Der Schweizer wird den meisten am ehesten als Sänger von DIE AERONAUTEN bekannt sein. Dabei umfasst sein Schaffen unzählige weitere Platten mit anderen Bands (unter anderem DIE ZUKUNFT) und auch zwölf Soloscheiben unter dem Namen GUZ. Wenn ihr ihn das erste Mal auf dem Mixtape eines Freundes singen hört, mit Zeilen wie „Doch sie fingen an zu tröten auf selbstgemachten Flöten / Und ich wusste, es waren Arschgeigen“, wird er auch die von der harten Hardcore-Punk-Fraktion sofort ins Herz treffen und nicht mehr loslassen. Tiefgang mit absurdem Humor, stoischer Gelassenheit und ehrlicher Verzweiflung. Diese Welt ist ein schlechterer Ort, ohne GUZ.

Françoise Cactus (05.05.1964 – 17.02.2022)
Alles, was wir gerade zu GUZ geschrieben haben, gilt auch so ähnlich für Françoise. Oder noch mehr. Neben toller Musik mit STEREO TOTAL und den LOLITAS schuf sie auch Bücher, Bilder und Skulpturen, eine davon die „Wollita“, eine lebensgroße gehäkelte Puppe, die 2004 von den Springer-Blättern Bild und B.Z. als angeblicher Beweis für eine „Kinderpornoausstellung im Künstlerhaus Bethanien“ dutzendmal verrissen und skandalisiert wurde. Tatsächlich beschäftigte sich die Ausstellung „When Love turns to Poison“ mit den Schattenseiten der Sexualität und mit sexueller Gewalt. Als Antwort auf die Springer-Kampagne schrieb Françoise zusammen mit Wolfgang Müller (DIE TÖDLICHE DORIS) das Buch „Wollita – Vom Wollknäuel zum Superstar!“. Und den Aufruf „Wollita (18) muss den B.Z.-Kulturpreis bekommen!“ unterzeichneten über 250 Künstler:innen und Kulturarbeiter:innen.

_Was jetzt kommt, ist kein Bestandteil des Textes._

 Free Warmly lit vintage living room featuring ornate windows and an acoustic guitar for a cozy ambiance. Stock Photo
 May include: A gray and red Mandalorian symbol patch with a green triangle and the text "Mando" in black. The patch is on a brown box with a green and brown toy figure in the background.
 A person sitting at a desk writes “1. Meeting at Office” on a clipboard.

Janis Joplin (19.01.1943 – 04.10.1970)
Der erste weibliche Rockstar und die Vorreiterin für Frauen in der Rockmusik wurde nicht nur vom Musikbusiness, vom Kreativitätsdruck, Drogen und ihrem eigenen Umfeld kaputt gemacht, sondern auch von den Dämonen ihrer Kindheit. Als Teenagerin von einer chronischen Akne gezeichnet, die nicht nur äußerliche Narben hinterließ, wurde sie auf einer provinziellen und super rassistisch-geprägten texanischen Highschool von ihren Mitschülern:innen gemobbt und als „Schwein“ oder „N*****-Liebchen“ beleidigt. „Ich war eine Außenseiterin. Ich habe gelesen, ich habe gemalt, ich habe nachgedacht. Ich habe die Schwarzen nicht gehasst.“ Wir Hühnerherzen möchten Janis mit unserem Titel „Kozmic Schlüsseldienst“ einen (kleinen) Tribut zollen.

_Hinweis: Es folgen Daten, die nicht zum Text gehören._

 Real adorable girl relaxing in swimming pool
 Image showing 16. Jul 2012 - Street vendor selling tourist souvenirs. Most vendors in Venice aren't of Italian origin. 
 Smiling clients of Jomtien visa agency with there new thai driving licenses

Mohsen Shekari (24.02.2000 – 08.12.2022)
Der iranische Rapper wurde im Dezember 2022 nach einem offensichtlichen Scheinprozess in Teheran hingerichtet. Mohsen war während der landesweiten „Jin, Jiyan, Azadi (Frau, Leben, Freiheit)“-Proteste gegen den gewaltsamen Tod der 22-jährigen Mahsa Amini im September 2022 verhaftet und dann in völliger Isolation verhört worden. Sein angebliches öffentliches Geständnis wurde vom Regime augenscheinlich unter Folter erzwungen, berichtet Amnesty International. Von einem „Islamischen Revolutionsgericht“ am 1. November 2022 aufgrund der Anklage, er führe „Krieg gegen Gott“, zum Tode verurteilt, fand fünf Wochen später seine Hinrichtung statt. Alles geschah in hektischer Geschwindigkeit, ohne irgendeine Chance auf ein faires Verfahren und ohne Rechtsbeistand, während seine Familie und Freund:innen in der Hoffnung auf eine Berufungsverhandlung von der Justiz hingehalten worden waren.